About Crooked Run

Crooked Run began as a nanobrewery started by two homebrewers, Jake Endres and Lee Rogan.  After three years in business, Crooked Run is proud to announce a second location, featuring a 10 BBL brewhouse and tasting room!  Hours: Closed Monday and Tuesday, Wed-Thurs 4-10, Friday 4-12AM, Saturday 1-12AM, Sunday 1-6

About Jake

My name is Jake Endres, co-owner and brewer at Crooked Run.  I’ve been brewing beer since I turned 21. Over the years, I got more and more into homebrewing, and when I turned 25, I decided that I wanted to open a small brewery.  I worked for the next year researching and developing the concept for Crooked Run.

To raise money, I made a project on Kickstarter, a crowd-sourcing website that allows people to donate money to ideas that they support.  Thanks to a great group of people who donated, we succeeded in meeting and surpassing our goal.

We opened in July of 2013 with two beers, a Belgian single and an English pale ale.  Since then, we’ve messed around with a lot of recipes, and had a chance to try pretty much everything, from barrel-aged beers to cask to spontaneous fermentation.  In August, we announced our expansion, a second 10 BBL location opening in early 2017.

When it comes to brewing, I like to offer a nice mix of interesting beers like sour IPA and black tripel, along with classic styles.  My personal goal is to be a good regional brewery and offer a friendly place to have a beer.


4 Responses to About

  1. Marty O. says:

    My name is Marty Ogan, I’m the owner of Panzano Wood Fired Pizza in Boise Idaho. We are a wood fired mobile brick oven trailer. I also brew my own beer at home, for which I have won several blue ribbons.
    I’m hoping you could answer a couple of question for me. My wife and I are looking at starting a small pizza and brew place, and I’m looking at going with the Electric Brew system, on a 20 gallon tank.
    1. I’ve read several place that it is impossible to make a profit with nono-brewery, you spend all your time brewing, kegging cleaning, ECT. That you should go with a 7 BBL system or forget. Thoughts?
    2. How would rate the quality, service, and performance from your Electric Brew System?

    Marty O.

    • Hi Marty, here are my thoughts. First, no 20 gallon system. Minimum is 1 BBL.

      1. Not true. It’s probably the hardest you will work for very little money, but I can authoritatively tell you that isn’t true. However, if you can do a larger system, definitely go for it. A 7 BBL brewpub is going to be quite large though, and you’ll need more capital.
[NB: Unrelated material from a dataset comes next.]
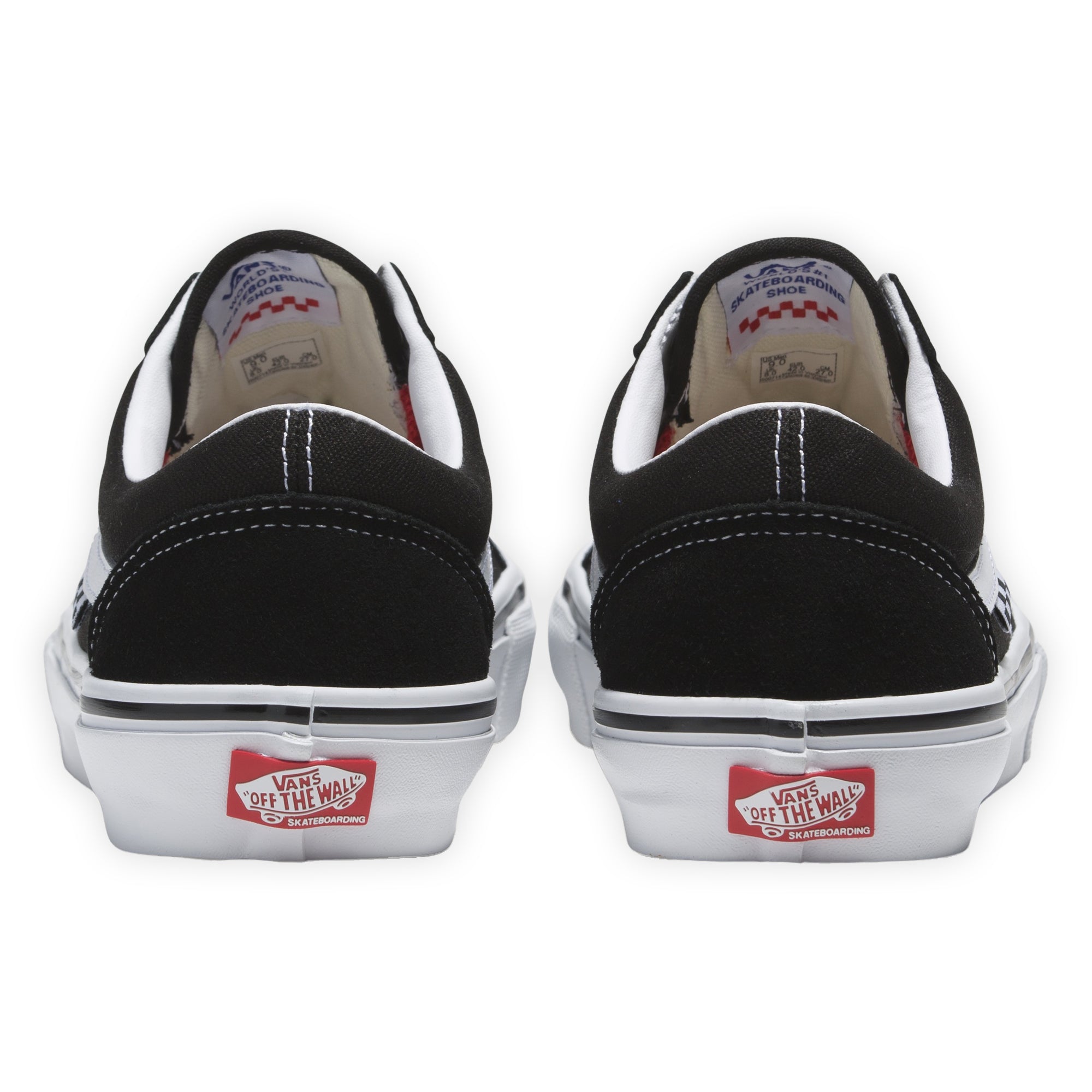 Vans Skate Old Skool - Black / White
      2. I rate it all highly, it’s great.

  2. Hi Jake.
    I’m doing the leg work to start a nano, and I’m currently navigating the Board of Health requirements because most of the towns where I live have septic systems. The BOH wants to know the volume of my waste water. I have found helpful websites, but it would be great to have empirical facts. Do you mind sharing how much waste water (from brewing) you produced on either a monthly or yearly basis on your 1bbl system? Thanks in advance.

    • Hey Derek, we actually have a 3 BBL system currently. It is really hard to say how much water we use, because we use ground water to chill. We do not have a CLT or glycol system. But a good rule of thumb is three times the brewing volume of water per batch.